Further, the official noted that Israel is suspending participation with the PA to develop a gas field in the sea off of Hamas-controlled Gaza, and putting a cap on PA deposits in Israeli banks.

The new financial measures are expected to be particularly damaging, given that the PA announced in late March that it had reached a whopping $4.8 billion in debt, with the PA's 2014 budgetary deficit at $1.5 billion.

Israel last Thursday informed the PA that it would enact several punitive measures and sanctions against it over the breach of peace talk conditions.

The threats were carried out this Wednesday, as Prime Minister Binyamin Netanyahu gave instructions to government ministries forbidding meetings with PA officials, and halting all civilian and economic cooperation with the PA. Only Defense Ministry communications and the peace talks were not cancelled.

"In response to the Palestinian violation of their commitments under peace talks...Israel government ministers have been told to refrain from meeting their Palestinian counterparts," an Israeli official stated at the time.

Along with the canceling of communication, it was also decided to freeze the implementation of 3G cellular technology in PA-assigned areas and stop the transfer into Gaza of communications equipment belonging to the PA cellular phone company Watania. Another punitive measure was a freeze on promotion master plans for new PA communities in Israeli-controlled Area C in Judea and Samaria.

"Sanctions will dismantle the PA"

Responding to the sanctions, a senior member of PA Chairman Mahmoud Abbas's Fatah movement on Wednesday declared that the sanctions would dismantle the PA.
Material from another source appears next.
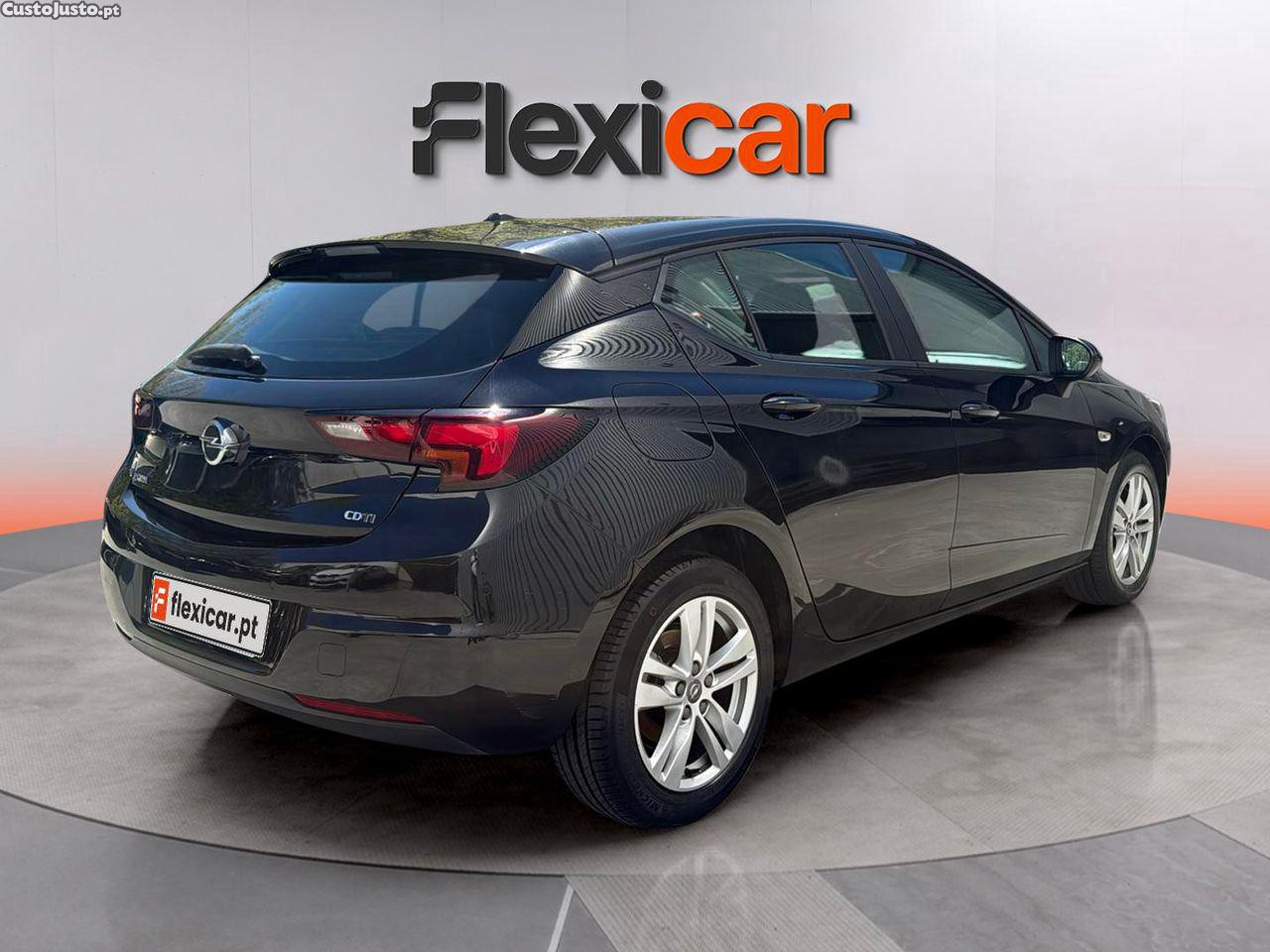 Opel Astra 1.6 CDTI Business Edition — fotografia 12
Speaking to the Ma'an News Agency, Fatah central committee member Azzam al-Ahmad said that the PA will not announce its dismantling outright, but stressed that Israeli actions will "lead to its collapse."

The new sanction comes the same Thursday that reports surfaced of a three-way deal, by which Israel would release hundreds of Arab terrorists and freeze construction in Judea and Samaria, in return for continued peace talks, the release of Jonathan Pollard by the US, and the suspension of some of Abbas's convention requests.

However, one US official speaking to AFP on condition of anonymity stated the "reports are incorrect." After initially reporting that a deal could be near, Channel 2 quoted Israeli sources close to the talks as saying "the reports on the deal are premature," adding that the US State Department said "gaps between Israel and the Palestinians have narrowed, but there is still no deal."